# Obituary - Nancy Wake - The White Mouse Passed Away at 98



## Florence (Aug 8, 2011)

BBC News - Australia WWII heroine Nancy 'White Mouse' Wake dies

"Nancy Wake, the French Resistance fighter who became Australia's most decorated World War II heroine, has died in a London hospital at the age of 98.

Born in New Zealand and raised in Sydney, Ms Wake was nicknamed "The White Mouse" by the Gestapo because she was so hard to capture.

She is regarded as a heroine in France, which decorated her with its highest honour, the Legion d'Honneur, as well as three Croix de Guerre and a French Resistance Medal.

Ms Wake left Australia and moved to France in 1932, joining the Resistance after the German invasion in 1940 and helping shelter displaced Jews fleeing the Nazi regime.

She later recounted how she had first become aware of the cruelty of the Nazis during a visit to Austria in 1933.

"In Vienna they had a big wheel and they had the Jews tied to it, and the stormtroopers were there, whipping them. When we were going out of Vienna they took our photos. That was my experience of Hitler," she said.

Confirming Ms Wake's death today, New Zealand's veterans' affairs minister Judith Collins hailed her as a woman of exceptional courage and tenacity.

Family friend Les Partell said Ms Wake was one of the world's greatest women and had a knack for survival.

"Anyone else would have got knocked off left, right and centre," he said.

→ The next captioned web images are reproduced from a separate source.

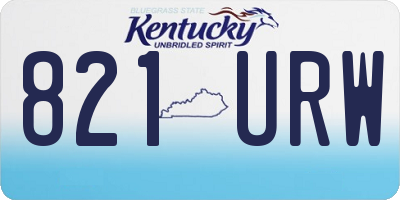 KY license plate 821URW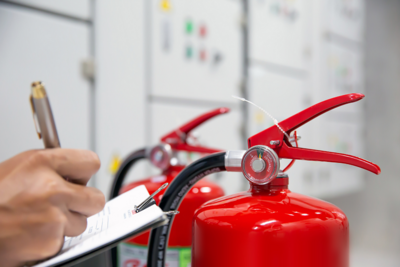 Scheduled overhaul of fire extinguishers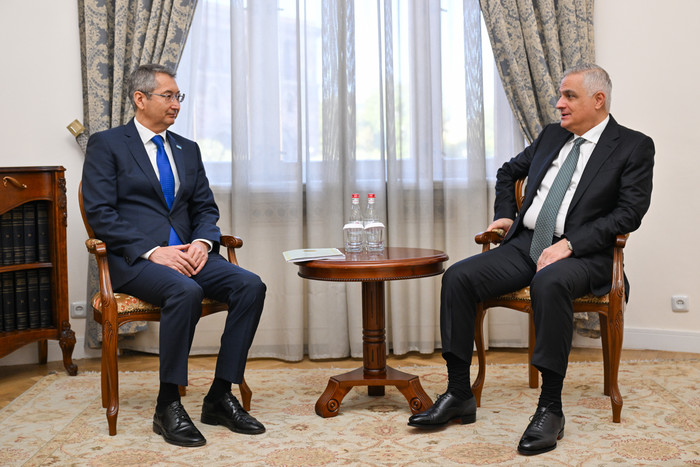Փոխվարչապետ Մհեր Գրիգորյանն ընդունել է Ղազախստանի դեսպանին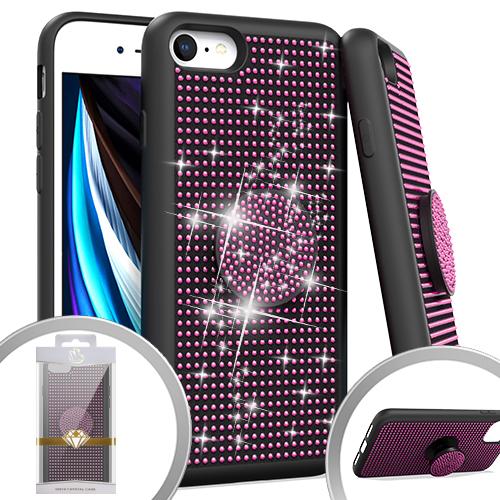 Onyx Bling Collection Stand Case Hot Pink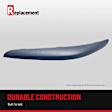 Front, Driver and Passenger Side, Outer Bumper Trims, Gray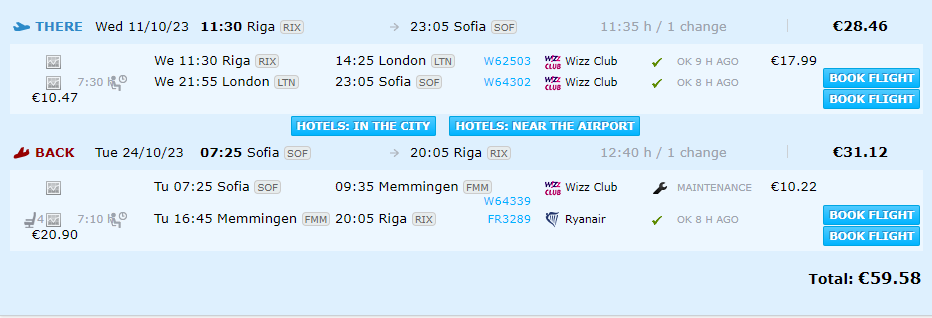 Cheap flights to Sofia, Bulgaria
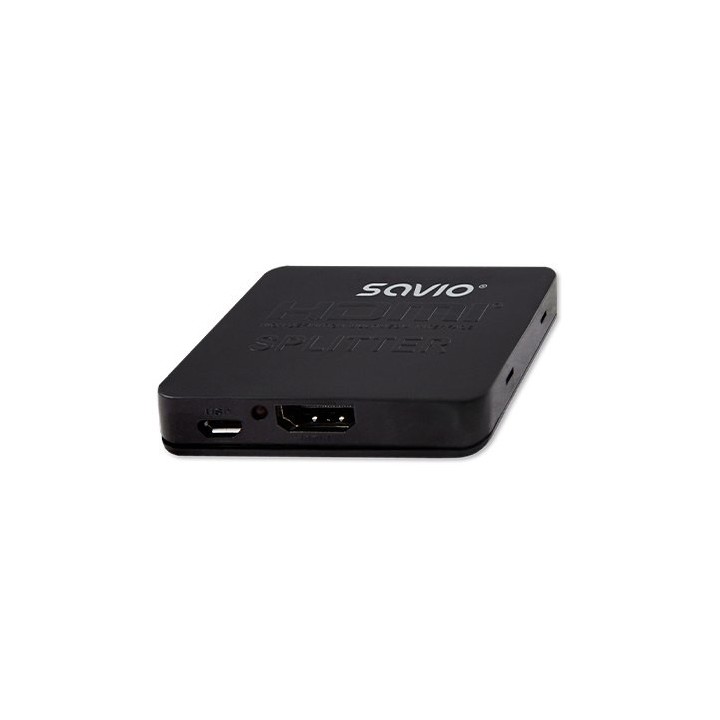 splitter 1x2 hdmi 4k 3d savio cl-93 negro hdmi 1.4 full hd 3d 4k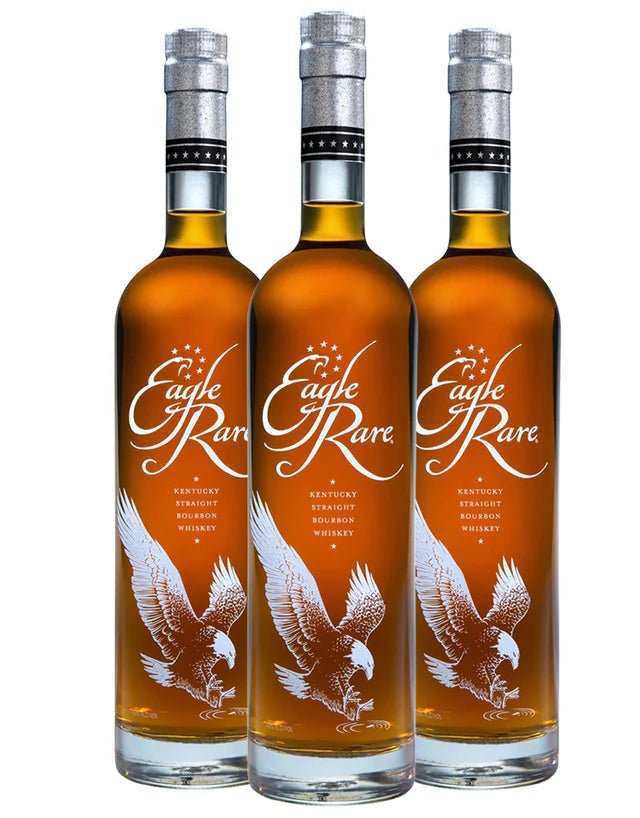 Eagle Rare 10 - Year Old Kentucky Straight Bourbon Whiskey 3 - Pack Bottle Combo - Bottles2Gift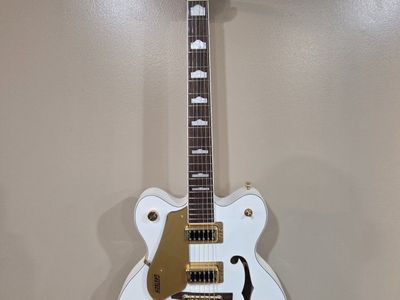 Gretsch Electromatic G5422GLH Left-Handed Hollow Body Electric Guitar Snowcrest White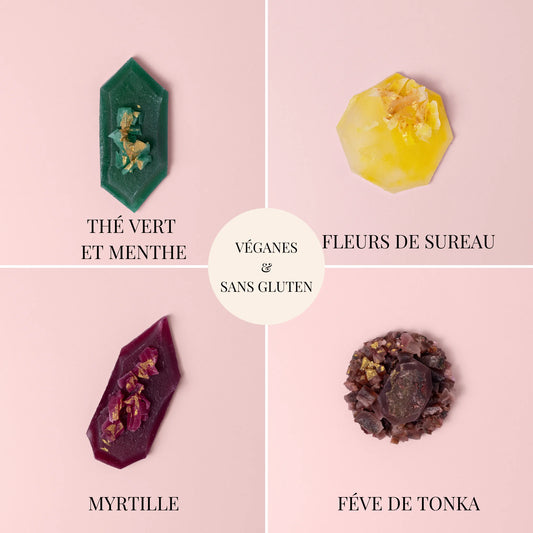 Collezione Topaze - 4 cristalli commestibili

"She was just so good at what she did. She survived. She more than survived, she personified survival. I couldn't imagine her dying anyway, I just couldn't, and I am so surprised."

Credited with helping to save thousands of lives, Ms Wake was placed at the top of the Gestapo's most wanted list and fled France for England on the advice of her husband Henri Fiocca in 1943.

"Henri said, 'You have to leave', and I remember going out the door saying I'd do some shopping, that I'd be back soon. And I left and I never saw him again."

Trained as a spy by Britain's Special Operations Executive, she then returned to Nazi-occupied France to work with the Resistance in preparation for the D-Day landings in Normandy in June 1944.

Parachuted back into France, Ms Wake's job was to distribute weapons among Resistance fighters hiding in the mountains.

"In those days it was safer, or a woman had more chance than a man, to get around, because the Germans were taking men out just like that."

To arrange the delivery of weapons and other supplies, messages had to be sent via radio phones.

Ms Wake's group lost theirs during a raid by German troops.

This disastrous loss meant Ms Wake had to pedal more than 200km to another radio operator.

"The blokes didn't think I'd ever get back. I only volunteered for it not because I'm brave but because I was the only one who could do it, being a woman.

"I got back and they said "How are you?" I cried. I couldn't stand up, I couldn't sit down. I couldn't do anything. I just cried."

As well as the Legion d'Honneur, Ms Wake was awarded Britain's George Medal and the US Medal of Freedom.

But despite the international recognition, it took 60 years for Australia to honour her service, awarding her the Companion of the Order of Australia in 2004.

It is believed Ms Wake's health had recently deteriorated and she was admitted to the Kingston Hospital two weeks ago with a chest infection.

She had lived in London since 2001.

In accordance with her wishes, she will be cremated privately and her ashes scattered at Montlucon in central France next spring."

From ABC news site.


----------



## Barrakooda (Aug 8, 2011)




----------



## Wildcat (Aug 8, 2011)

A true hero


----------



## DerAdlerIstGelandet (Aug 8, 2011)




----------



## rochie (Aug 8, 2011)

wow what a woman, RIP madam you've earned it


----------



## Aaron Brooks Wolters (Aug 8, 2011)




----------



## Coors9 (Aug 8, 2011)

God bless you...


----------



## Gnomey (Aug 8, 2011)




----------



## RabidAlien (Aug 8, 2011)

Right up there with Violette Szabo.  Rest well.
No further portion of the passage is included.